Which look like register save/restore hooks, but I don't claim to really understand.  I don't believe that these symbols have and DWARF information available, so these functions will not show up in something like 'info functions', but there is a symbol for these functions in the symbol table, which GDB does read, so you can do things like 'x/10i _savegpr_14`, however, the symbol table entry has no type or size, so GDB doesn't understand the bounds of the function.

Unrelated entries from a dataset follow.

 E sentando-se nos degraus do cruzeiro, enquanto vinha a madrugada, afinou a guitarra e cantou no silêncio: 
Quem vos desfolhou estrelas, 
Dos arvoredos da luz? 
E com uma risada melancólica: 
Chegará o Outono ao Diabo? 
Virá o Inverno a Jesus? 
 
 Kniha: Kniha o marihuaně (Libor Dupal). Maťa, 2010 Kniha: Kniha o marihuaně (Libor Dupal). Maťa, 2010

Given the original bug description is for GDB crashing, and this is now fixed.  I'd like to tentatively propose we close this bug.  If Glenn feels like there is still important debug information that isn't being loaded, this might be better represented in a new bug.  Given the lack of GDB developers interested in improving stabs support (right now), I suspect any new bug is not likely to get much attention.  Thoughts?

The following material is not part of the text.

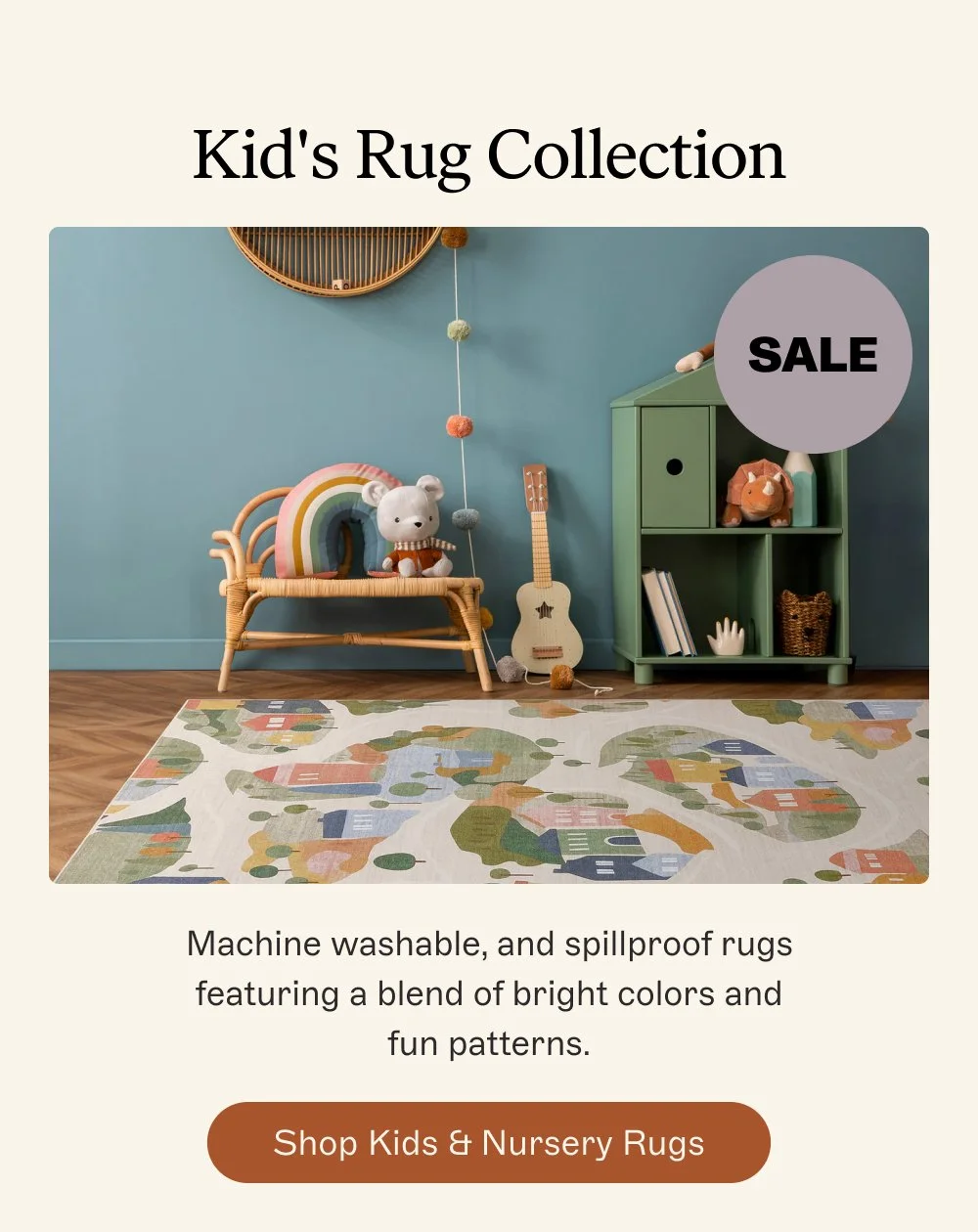Kid's Rug Collection Machine washable, and spillproof rugs featuring a blend of bright colors and fun patterns. Shop Kids & Nursery Rugs SALE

Comment 12 Tom Tromey 2022-04-29 19:54:53 UTC
> Given the original bug description is for GDB crashing, and this is now
> fixed.  I'd like to tentatively propose we close this bug.  If Glenn feels
> like there is still important debug information that isn't being loaded,
> this might be better represented in a new bug.  Given the lack of GDB
> developers interested in improving stabs support (right now), I suspect any
> new bug is not likely to get much attention.  Thoughts?

+1 to closing it from me.
Given that GCC is removing stabs, and that we don't have any stabs
maintainers or even experts on GDB any more, at some point I'm
going to propose removing the stabs code entirely.